··· DATA TO PROCESS ···

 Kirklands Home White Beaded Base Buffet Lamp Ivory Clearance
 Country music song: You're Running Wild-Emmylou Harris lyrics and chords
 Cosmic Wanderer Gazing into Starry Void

···
··· DATA TO PROCESS ···

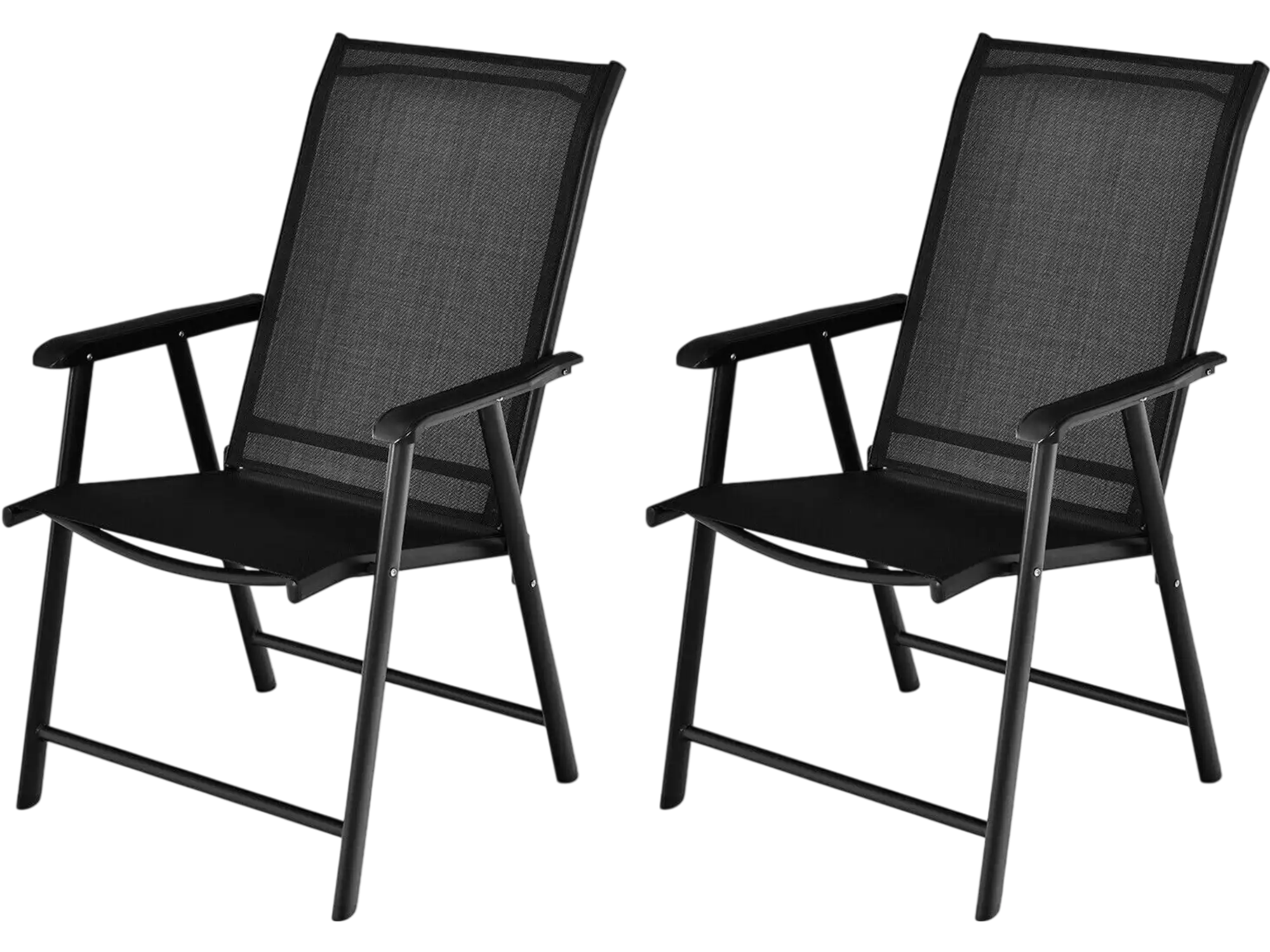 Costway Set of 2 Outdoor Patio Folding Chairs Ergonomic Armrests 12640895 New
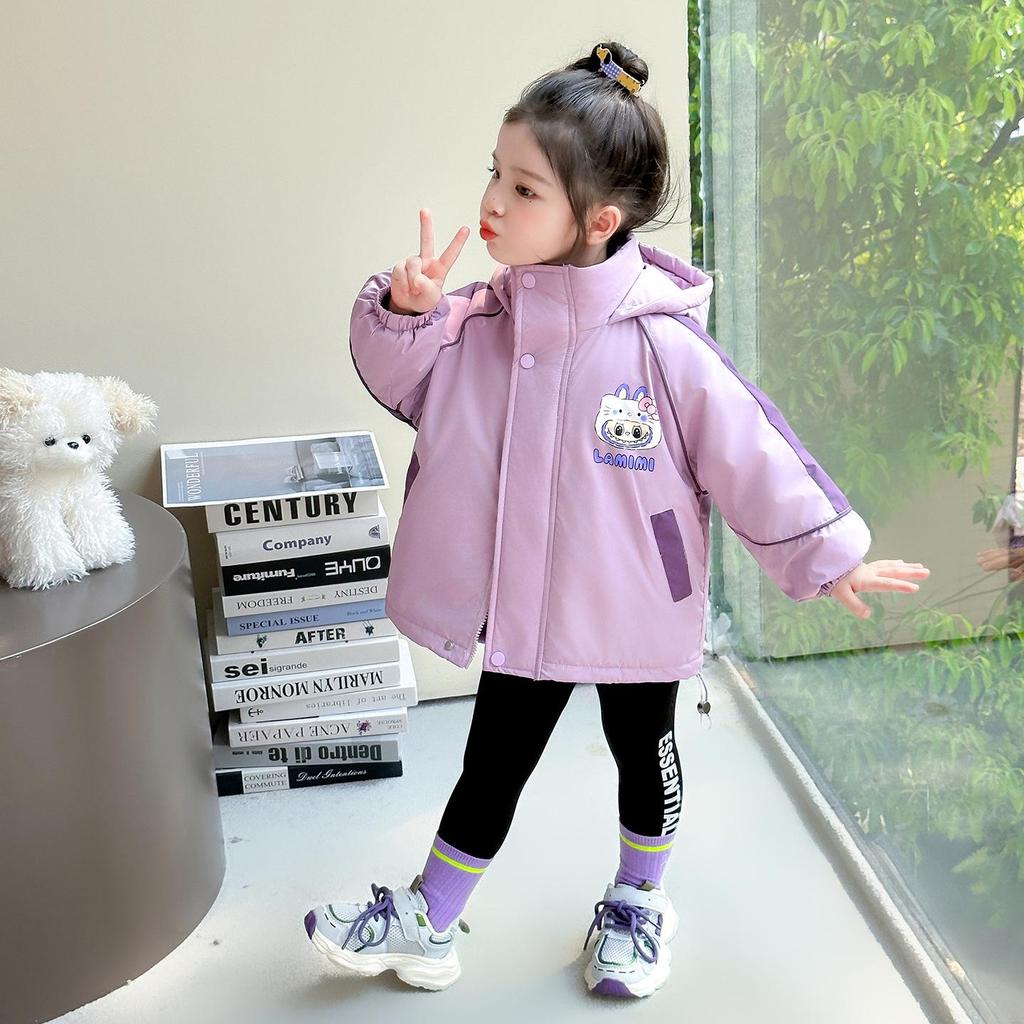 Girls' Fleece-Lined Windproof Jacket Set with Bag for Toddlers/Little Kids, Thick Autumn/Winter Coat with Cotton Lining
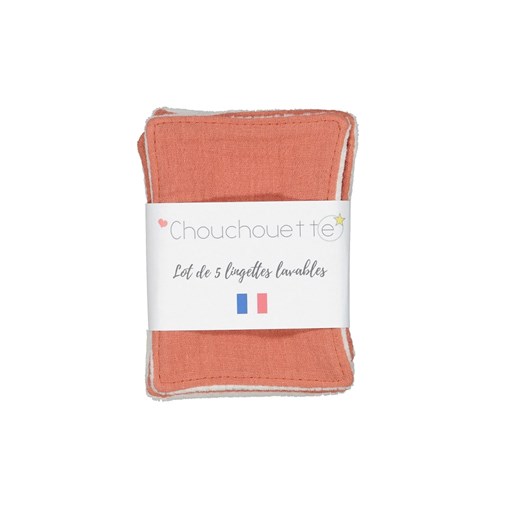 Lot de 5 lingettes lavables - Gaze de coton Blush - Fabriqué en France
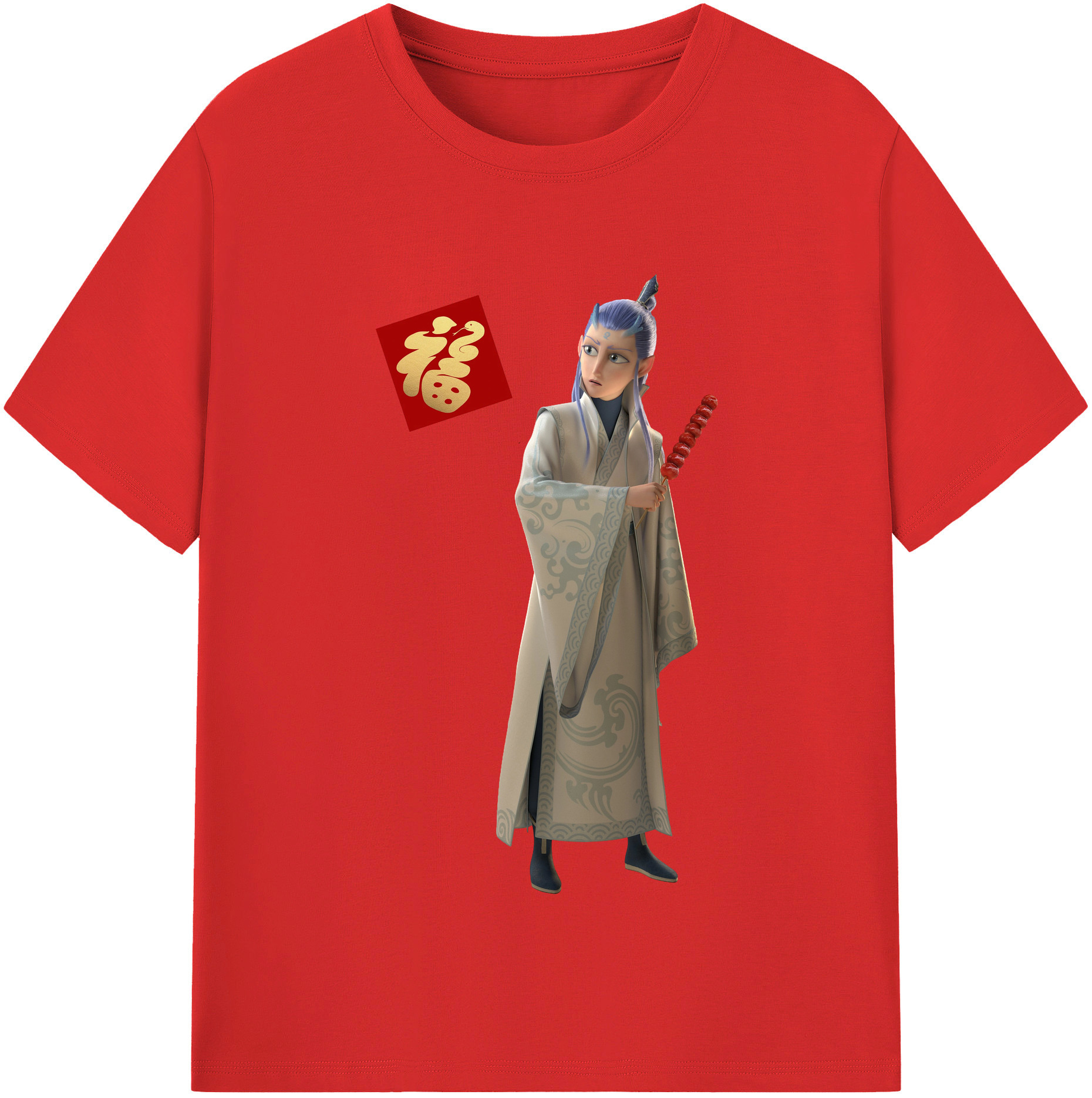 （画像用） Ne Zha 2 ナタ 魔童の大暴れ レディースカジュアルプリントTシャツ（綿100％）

···

◆ **WHAT THE TASK ASKS**:
The reply should consist solely of the lines above from the one that has "Country music song: You're" through the one that has "Cosmic Wanderer Gazing into Starry Void", reproduced exactly.

◆ **ANSWER SECTION**:
 Country music song: You're Running Wild-Emmylou Harris lyrics and chords
 Cosmic Wanderer Gazing into Starry Void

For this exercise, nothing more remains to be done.